Webster, Massachusetts (just outside of Worcester) is where you will find the kitschy Indian Ranch, right where it has been for 68 years. Mostly known for hosting country acts, this self-professed Nashville of the North has had everyone from Johnny Cash to Keith Urban grace it’s outdoor stage. Over the years, fans have asked for other acts, and Indian Ranch answered on Sunday July 13th with a great big Blues On The Beach celebration.
Parking is easy and the lot had a tailgating feel to it. The ranch is in actuality a camp ground; the option to reserve a space for the entire summer season comes with tickets to the shows they put on. It was a very eclectic mix of seasoned campers, day trippers and long time summer residents.
The main stage is beautifully situated on Lake Chaunbunagungamaug, (Yes, that’s the actual name of the lake. It’s a truncated version, as well). Friendly Janie at Will Call somehow pronounced it and let me know that the loose Algonquin translation is, “You fish on your side, I fish on my side and no one fishes in the middle.” Ticket holders with assigned seats are under a covering while general admission prices still get you a bench seat with a great view of the stage and everyone will enjoy their sound system not matter where you are.
The smaller Corral Stage hosted the Cannibal Ramblers, 10 Foot Pole Cats and the Throw Down Band. They provided a very nice mix of hard rocking blues and enthusiastic playing for the growing crowd.
Shemekia Copeland took the main stage at about 2 and boy, did she take it. Ms. Copeland electrified the audience with her powerful voice….so powerful, in fact, that at one point she stepped away from the microphone and sang out to us from the edge of the stage. We went wild and were up on our feet in appreciation before the song closed. Besides singing about “Dirty Water” and “Lemon Pie”, off her latest release, 33 & 1/3, Shemekia paid tribute to her Dad, the legendary Johnny Copeland, with “Ghetto Child”. Shemekia stuck a perfect balance of connecting with us between songs with personal stories but jumped right back into the music. It was a wonderful set that included Saturday night bar room blues and take us to Grandma Jessie’s church Sunday gospel blues as well.

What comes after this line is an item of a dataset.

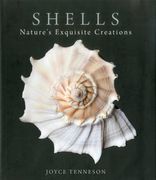 shells: nature ` s exquisite creations (en Inglés)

The audience loved her and it was a struggle for her to make it off stage to the merchandise tent, everyone wanted to connect with her, including me. I asked Ms. Copeland about sharing the bill with BB, “Anytime I get to share the stage with BB, it is a great honor”. She gave me a quick hug, a compliment to Elmore Magazine, (she is a reader!), and she was off to greet her fans.
Many of the people there on Sunday had not seen Robert Randolph and the Family Band before. From what I gathered, Robert Randolph’s larger-than-life pedal steel guitar playing was a welcome shock to the system. The band got us “Amped Up” and helped us keep on moving through the afternoon. They won over many new fans Sunday and did not disappoint those of us that have seen them several times before. They looked like they were enjoying the audience and the beautiful breeze off the lake just feet away. There were lots of people dancing in the bleachers, and several standing ovations were given before they closed to make room for the King, B.B.
B.B.’s eight-piece band warmed up the audience with some hot solos on guitar and horns. B.B. travels with a mess o’ talent and they were here for us to enjoy. B.B. made his way through adoring fans to the stage and got comfortable, like, “I’m glad to be here, let’s hang out” comfortable. If you go to see B.B. and are expecting to see the BB that plays on in countless Youtube videos, you won’t find him. This more seasoned King holds court on the stage. B.B. tosses guitar picks to those lucky enough to be sitting up close and actually engages in conversation with fans yelling out to him. He sings and when he does, the voice we are so in love with is there, clear, strong, familiar…a gift well used and shared.
“I Need You So” and “Rock Me Baby” had the crowd jumping for joy. Especially joyful must have been the parents of the two little girls in pink-and-blue cowgirl hats that B.B. brought on stage for a moment of a lifetime. “You Are My Sunshine” went on as B.B. interjected while the band played on. B.B. closed with “The Thrill is Gone,” but it sure isn’t for the fans that gathered Sunday to see the King before he decides the road is not where he wants to be anymore. One telling remark came mid-set as BB reminded us that time has a way of sneaking up, “everything is going along real good, and then it isn’t.”
I am glad to have been in the audience, and I think he was glad to be on that stage, doing what keeps him going. Several times Mr. King let us know he wanted to come on back and I for one will be in the front row. Until then I will keep playing the records and be glad I spent a spectacular summer day at the ranch making memories with Kings, Cowboys and Campers.